### Task brief
What you return must be every line from the beginning of the data through the line holding "Person using Heavy", unchanged.

### Provided information
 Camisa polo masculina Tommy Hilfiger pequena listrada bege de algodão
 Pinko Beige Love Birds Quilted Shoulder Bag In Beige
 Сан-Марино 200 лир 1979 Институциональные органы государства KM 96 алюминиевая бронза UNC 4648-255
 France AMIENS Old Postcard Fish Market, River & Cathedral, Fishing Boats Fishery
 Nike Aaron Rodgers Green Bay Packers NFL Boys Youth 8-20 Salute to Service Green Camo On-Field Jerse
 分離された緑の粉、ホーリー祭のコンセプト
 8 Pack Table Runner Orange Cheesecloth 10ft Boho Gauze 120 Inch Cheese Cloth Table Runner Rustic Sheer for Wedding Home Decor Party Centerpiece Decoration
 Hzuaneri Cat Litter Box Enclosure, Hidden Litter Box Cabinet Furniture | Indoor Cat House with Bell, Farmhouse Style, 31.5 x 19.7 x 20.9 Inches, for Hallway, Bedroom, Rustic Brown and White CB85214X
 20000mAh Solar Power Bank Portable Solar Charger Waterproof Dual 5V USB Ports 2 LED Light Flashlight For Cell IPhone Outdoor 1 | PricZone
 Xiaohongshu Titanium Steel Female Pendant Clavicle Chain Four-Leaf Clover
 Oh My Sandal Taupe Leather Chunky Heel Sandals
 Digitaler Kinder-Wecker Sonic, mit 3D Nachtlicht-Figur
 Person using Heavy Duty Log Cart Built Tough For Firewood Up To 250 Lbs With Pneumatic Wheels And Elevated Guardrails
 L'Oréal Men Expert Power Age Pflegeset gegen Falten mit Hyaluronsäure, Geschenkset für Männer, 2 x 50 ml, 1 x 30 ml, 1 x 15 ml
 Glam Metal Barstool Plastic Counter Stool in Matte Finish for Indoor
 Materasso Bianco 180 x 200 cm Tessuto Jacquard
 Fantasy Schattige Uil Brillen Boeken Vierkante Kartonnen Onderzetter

### Exercise response
 Camisa polo masculina Tommy Hilfiger pequena listrada bege de algodão
 Pinko Beige Love Birds Quilted Shoulder Bag In Beige
 Сан-Марино 200 лир 1979 Институциональные органы государства KM 96 алюминиевая бронза UNC 4648-255
 France AMIENS Old Postcard Fish Market, River & Cathedral, Fishing Boats Fishery
 Nike Aaron Rodgers Green Bay Packers NFL Boys Youth 8-20 Salute to Service Green Camo On-Field Jerse
 分離された緑の粉、ホーリー祭のコンセプト
 8 Pack Table Runner Orange Cheesecloth 10ft Boho Gauze 120 Inch Cheese Cloth Table Runner Rustic Sheer for Wedding Home Decor Party Centerpiece Decoration
 Hzuaneri Cat Litter Box Enclosure, Hidden Litter Box Cabinet Furniture | Indoor Cat House with Bell, Farmhouse Style, 31.5 x 19.7 x 20.9 Inches, for Hallway, Bedroom, Rustic Brown and White CB85214X
 20000mAh Solar Power Bank Portable Solar Charger Waterproof Dual 5V USB Ports 2 LED Light Flashlight For Cell IPhone Outdoor 1 | PricZone
 Xiaohongshu Titanium Steel Female Pendant Clavicle Chain Four-Leaf Clover
 Oh My Sandal Taupe Leather Chunky Heel Sandals
 Digitaler Kinder-Wecker Sonic, mit 3D Nachtlicht-Figur
 Person using Heavy Duty Log Cart Built Tough For Firewood Up To 250 Lbs With Pneumatic Wheels And Elevated Guardrails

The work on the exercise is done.